I learned where to fish from this site. Read the beach and look for the break in the bar. Don’t throw over the fish. I learned to use 17# Suffix Tritanium on my drum rod from this site. I got the Akios 656 Shuttle from a guy on this site. I bought the 12 ft Star Stellar Surf from a guy on this site. 
Ok I have learned everything that I know about surf fishing from this site and from putting in my time going out on the sand and using the knowledge that I have learned from reading the posts here on P&S.
Thanks P&S and thanks to all you pier and surf fisherman that post on this site.

I caught the second black drum off the pier at the condo we were staying at. 35 1/2 inch caught on the 30th of December with an 8ft Ugly Sick light action rod 5601 Abu reel with 12 lb Berkley big game line and a rive rig I tied. I had to wait a long time for him to come to the top.


----------



## Drumdum (Jan 6, 2003)

NICE JOB!! Great report,and glad you learned techniques from here,but YOU did the job,pretty work...


----------



## drumrun (Dec 5, 2007)

Great job!!!


----------



## abass105 (Jun 13, 2006)

Great job. Thanks for sharing your report.


----------



## jwfishn (Jul 8, 2009)

thanks for your report. pier and surf is number one.


----------



## Mt2sea (Apr 19, 2014)

+1. P&S is a fantastic resource. We're very fortunate that the NC board is as active as it is--I recently relocated to Louisiana and it's extremely hard to find reports/general info on the surf fishing situation down here (including the gulf P&S board... a thread I started asking for basic info went months without being responded to). Thank you, everyone, for so willingly sharing your knowledge and experience.


----------



## DANtheJDMan (Aug 29, 2012)

Drumdum said:


> NICE JOB!! Great report,and glad you learned techniques from here,but YOU did the job,pretty work...

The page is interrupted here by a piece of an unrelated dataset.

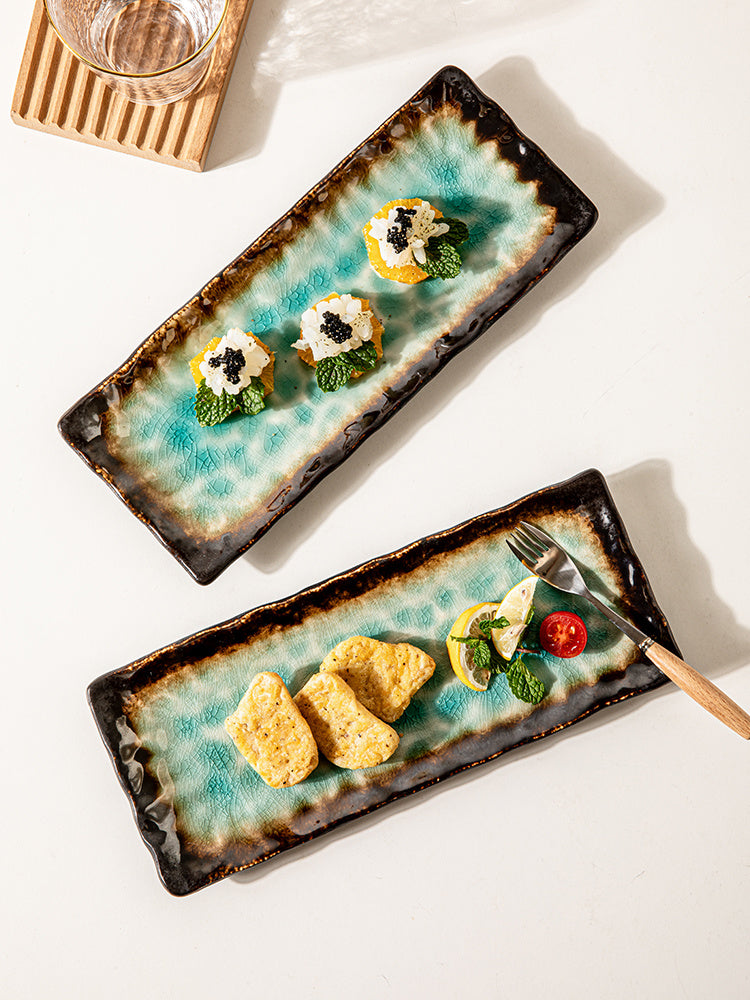 New Crackle Glaze 11-inch Rectangular Household Ceramic Sushi Plate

My wife and I did not get to meet you in person when we stayed at your place in August. We did get to meet your wife Jody and Tater. We met Garboman and the red headed fella at Rodanthe.

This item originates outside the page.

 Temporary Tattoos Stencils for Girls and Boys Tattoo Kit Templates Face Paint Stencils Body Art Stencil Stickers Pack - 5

We will be back to get in on some of that NC drum run next year. I didn't even get a chance to use my 40-405 down in TX. I need to bow up on a big drum with that rod.

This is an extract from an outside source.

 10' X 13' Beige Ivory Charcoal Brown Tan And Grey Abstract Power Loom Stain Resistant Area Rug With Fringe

We will be back to NC again and see you then Drumdum.


----------



## fishnchevy (Apr 2, 2011)

Sweet catch... Now that you broke the ice, you just have to pass it on.


----------



## Drumdum (Jan 6, 2003)

DANtheJDMan said:


> My wife and I did not get to meet you in person when we stayed at your place in August. We did get to meet your wife Jody and Tater. We met Garboman and the red headed fella at Rodanthe.
> 
> We will be back to get in on some of that NC drum run next year. I didn't even get a chance to use my 40-405 down in TX. I need to bow up on a big drum with that rod.
> 
> We will be back to NC again and see you then Drumdum.


 Looking forward to it...


----------



## DrumBum (Apr 25, 2013)

Awesome post! Congratulations on the fine catch.


----------



## Papa-T (Sep 5, 2011)

Congrats. The first red is always one to remember. And it never gets old. Good for you. Congrats again.


----------



## tjbjornsen (Oct 31, 2009)

Outstanding!


----------



## bronzbck1 (Jun 13, 2007)

Great job


----------



## River (Sep 30, 2006)

Great post DantheJDMan ....... Lookin forward to more of those posts in the future ..... River


----------



## JamesRiverVa (Apr 24, 2012)

Congratulations, those are a couple of really nice fish.


----------